1) a bone fide museum is NOT in the business of ‘selling’ artefacts (as museums are there to protect artefacts for posterity). By allowing, Chrisites to use its space for a pre-sale preview blurs the line between a museum that ‘protects’ artefacts, and one that helps in ‘hawking’ them.

2) there are many legal issues. A museum’s reputation is as good as ‘authenticity’ of their artefacts. A museum who is even rumoured to be displaying fakes will not stand the test of time. So, hypothetically, if some of the Christies artefacts on display at Artscience this weekend are enventually sold AND later proven to be fakes, the reputation of Artscience as the museum who had displayed these fakes will also go downhill. Another legal issue is ‘false association’: Christies HK may benefit from this exhibition at the Artscience if its potential bidders feel that the lots, having been displayed at a ‘reputable’ museum, have some kind of ‘unquestionable’ authenticity and therefore bid with confidence (even if the ‘true’ authenticity of some objects may be questionable).
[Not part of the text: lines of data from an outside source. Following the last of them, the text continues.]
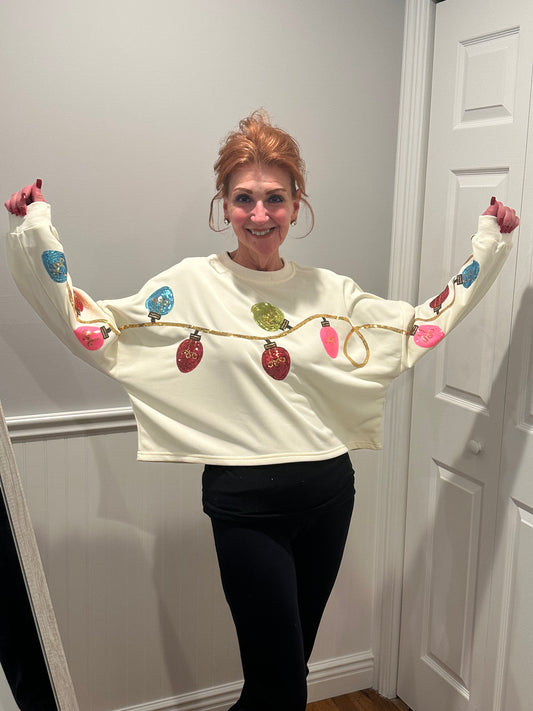 The Merry & Lit Sweatshirt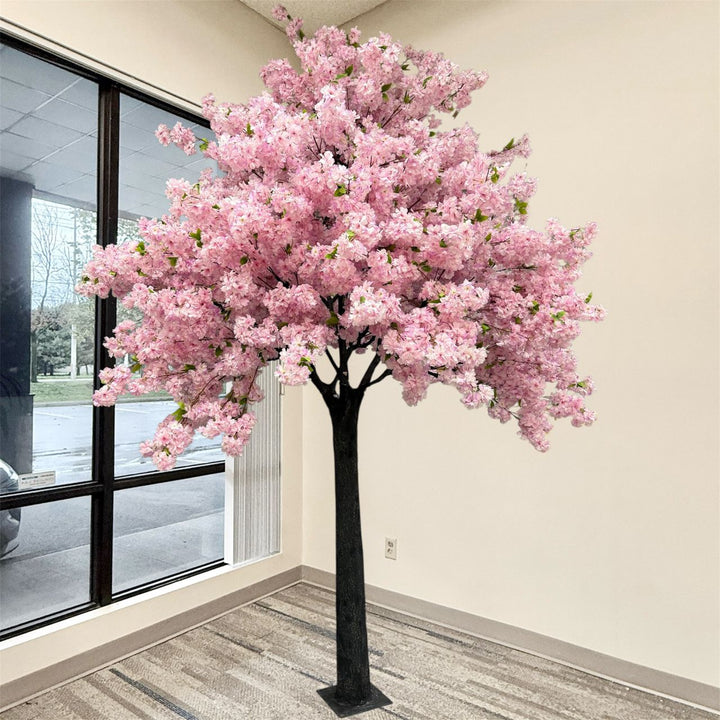 A large artificial cherry blossom tree with dense purple flowers and a dark trunk, displayed indoors near a window in a room with beige walls and gray-brown flooring.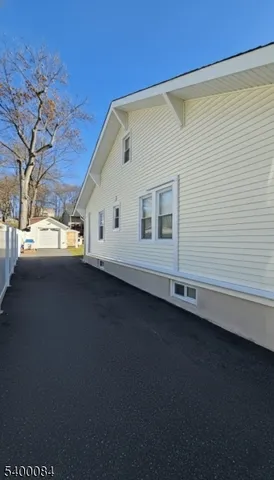 a view of a house with a street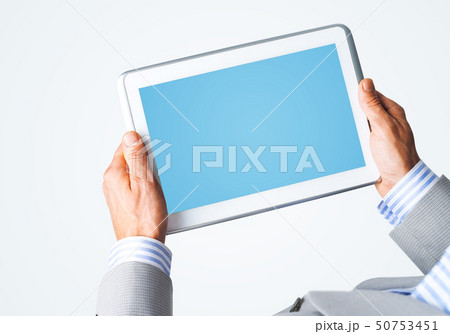 Hands of businessman holding tablet pc with blue screen 50753451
So, the question arising is ‘why does Artscience want to host this preview?’. I don’t know for sure, but it must be a mixture of money (both from the fees Chrisities will pay Artscience for rental and money collected from more visitors), increase in museum visitorship, international publicity, prestige of being associated with an international auction house etc.

I have also previously blogged about the National Museum of Singapore being too close to ‘commercial’ exhibitions like the one featuring watches solely from Vacheron. But I’ve got to say of all the unholy unions between our Singapore museums and external parties, this one between Artscience Museum and Christies Hong Kong tops them all. I hope some juicy controversies come out of this union, so we can all learn all about its unholiness.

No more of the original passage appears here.